* _Work request_
Take the lines in the listing below from the line with "ladies gold rings" up to and including the line with "The Kids Division" and set them down exactly, skipping pictures and adding nothing.
*** Opening of Material to process ***
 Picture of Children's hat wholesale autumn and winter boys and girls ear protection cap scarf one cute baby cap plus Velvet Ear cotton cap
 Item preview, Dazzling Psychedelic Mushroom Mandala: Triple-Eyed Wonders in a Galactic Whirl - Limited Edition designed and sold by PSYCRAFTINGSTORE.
*** Close of Material to process ***
*** Opening of Material to process ***
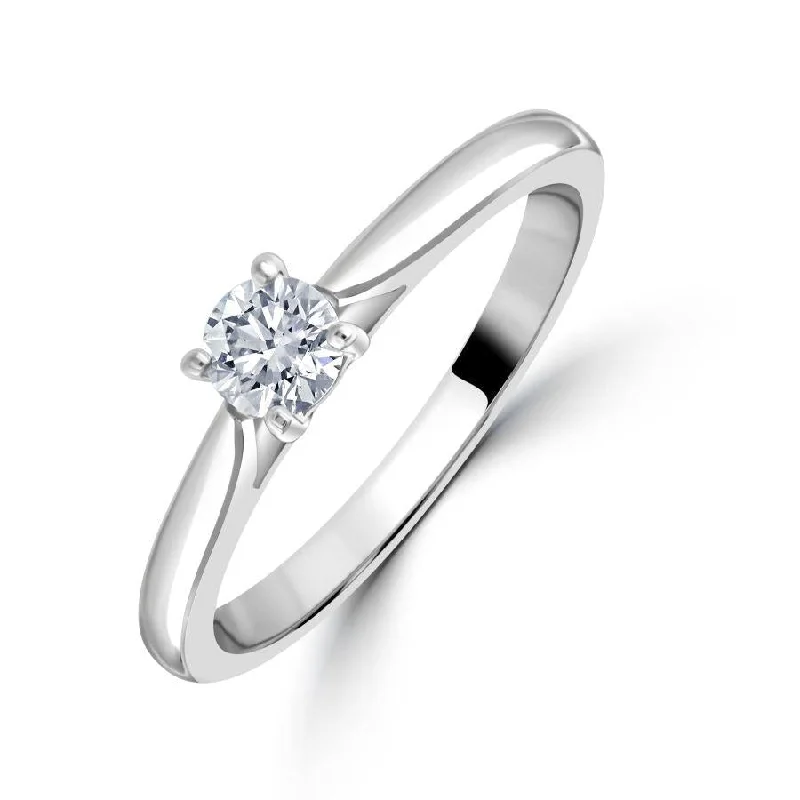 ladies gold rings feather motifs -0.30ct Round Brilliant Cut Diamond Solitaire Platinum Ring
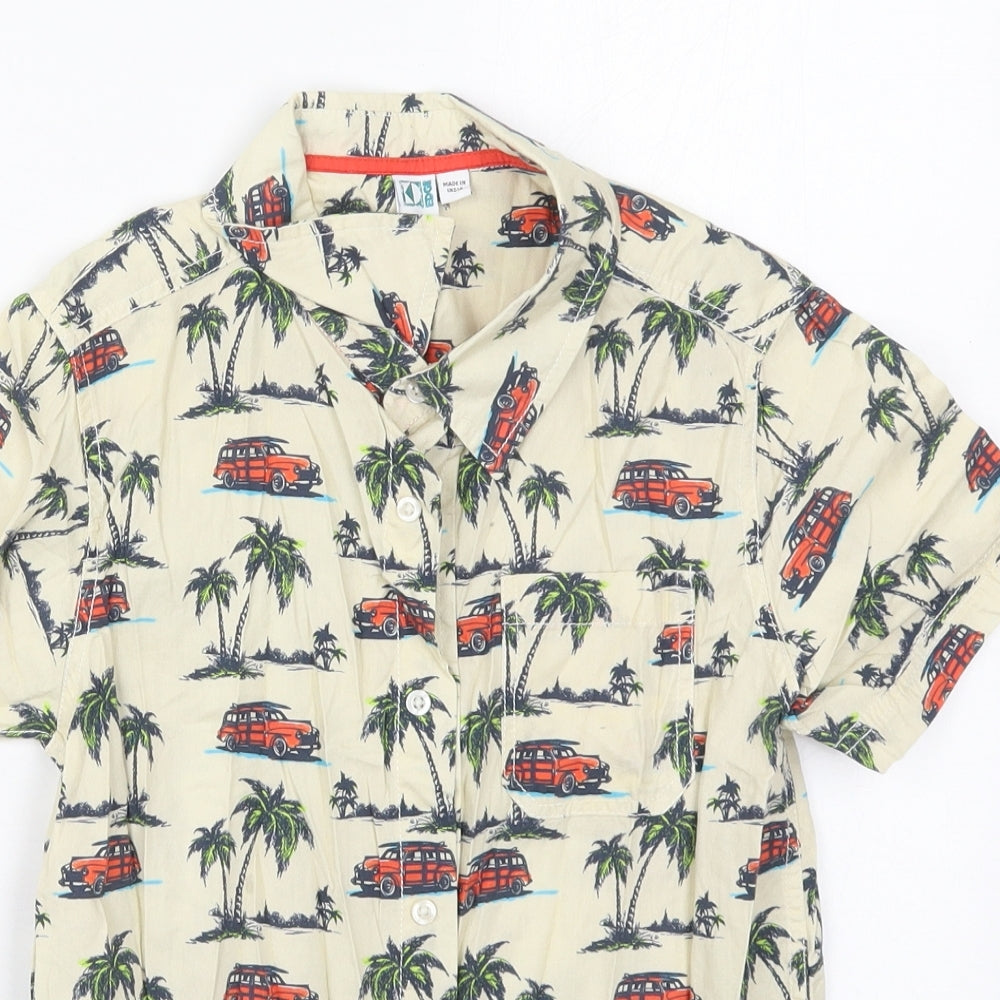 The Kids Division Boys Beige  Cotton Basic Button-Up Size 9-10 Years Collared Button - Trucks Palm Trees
*** Close of Material to process ***
* _Written solution_
 ladies gold rings feather motifs -0.30ct Round Brilliant Cut Diamond Solitaire Platinum Ring
 The Kids Division Boys Beige  Cotton Basic Button-Up Size 9-10 Years Collared Button - Trucks Palm Trees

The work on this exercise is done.